For reusing software source I agree. The only current way around this is with the unix pipe system where you reuse software _executables_ instead of software _source code_

The reason it works is because unix softwares agree to a simple contract of reading from stdin and writing to stdout, which is very limiting in terms of concurrency but unlocks a huge world of compatibility.

I wonder if we will ever get software legos without the runtime bloat from forking.

ps: to anyone countering with examples of languages that are reusable through modules, that doesn't count because you are locked in to a given language.

> I wonder if we will ever get software legos without the runtime bloat from forking.

In a sense, shared object files / dynamically linked libraries meet this criteria -- they can be loaded into program memory and used by a single process.

There's also flowgraph-based signal processing systems, like gnuradio, which heavily use the concept of pipes (usually a stream of numbers or a stream of vectors of numbers) but, as I understand it, don't require OS forking. (Though they do implement their own schedulers for concurrency, and for gnuradio at least, blocks are typically shipped as source so I'm not sure whether that counts as reusing executables vs. reusing source code.)

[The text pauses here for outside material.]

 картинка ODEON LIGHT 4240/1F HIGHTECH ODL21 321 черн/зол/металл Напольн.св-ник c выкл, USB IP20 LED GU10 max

Another current way is with COM in Windows.

IMHO conflating “systems” and “components” here. Module and package management has never been better and building “a system” from components, open source or otherwise, is extremely effective. Integrating software systems (with e.g. API’s, webhooks and event busses) is non-trivial, complex and difficult. They are not the same endeavor.

Really depends.

Building a system from components can be quite tricky, as the components tend to only play nicely together if they've been built for one another, or to some agreed upon spec. Otherwise you have to be very fluent in all of them, and write glue code. And there be dragons.

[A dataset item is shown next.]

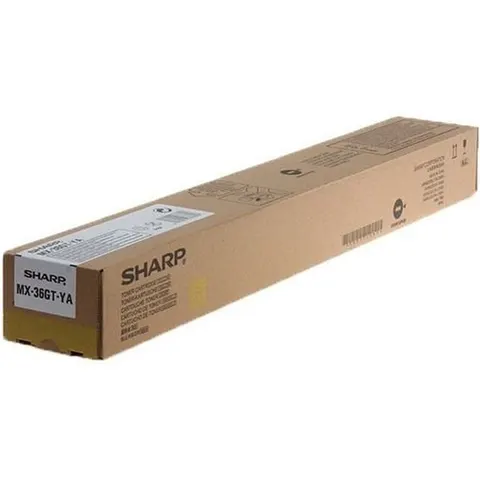 Toner Sharp MX36GTYA Yellow – afbeelding 2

APIs tend to be all over the place, yes, but you can have a well defined API spec that really can allow specific implementations to be swapped out fairly trivially, such that it really is more like 'components'. Think SQL, for instance.

I think you may just be noticing that when things adhere to a spec, they tend to be able to combined pretty easily; if not, they don't.

It really depends on the complexity of the software doesn't it? Libraries and packages often snap into my projects easily and without much modification at all, especially if I'm planning on using them. I can see this analogy working for more complex projects though, where you may be copy pasting code from on project to another and trying to make it fit together.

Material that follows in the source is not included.